もちろん、アフィーラは2025年1月にカリフォルニアの顧客向けにプレオーダーが開始され、実際に販売はされていた。これらアーリーアダプター(早期購入者)たちは、彼らのソニー仕様サルーン(セダン)の全額返金を受けることになり、後続のSUVプロジェクトもお蔵入りとなった。
「2022年9月の設立以来、SHMはソニーとホンダの技術、専門知識、開発力を結集し、高付加価値のモビリティ製品の開発 販売、およびモビリティ関連サービスの提供を目指してきました」と、発表されたばかりの少し悲しい声明には記されている。

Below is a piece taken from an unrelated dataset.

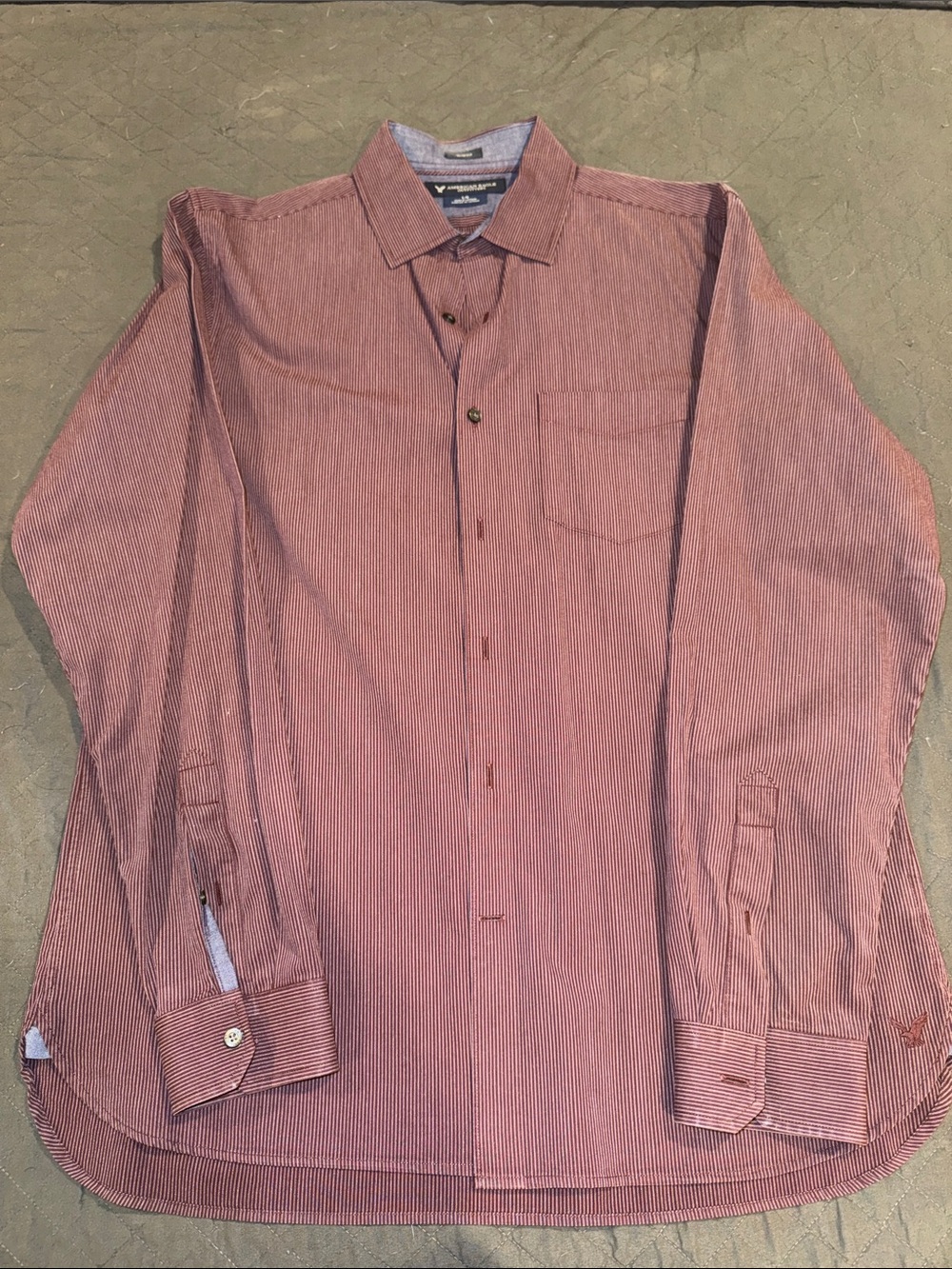 L American Eagle Outfitters Maroon Striped Button-Up Shirt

「しかしながら、2026年3月12日に発表されたホンダの自動車電動化戦略の見直しにより、SHMは設立当初の事業計画時にホンダから提供される予定だった一部の技術および資産を活用できなくなります」
「この変更を鑑み、SHMは当初の計画通りにモデルを市場に投入するための実行可能な道筋がないと判断しました」
ということである。ただし、声明ではソニー ホンダモビリティが今後の事業計画について「協議を継続する」と続いていく予定のため、もしかすると公道を走るプレイステーションが結局のところ手に入るのかもしれない…。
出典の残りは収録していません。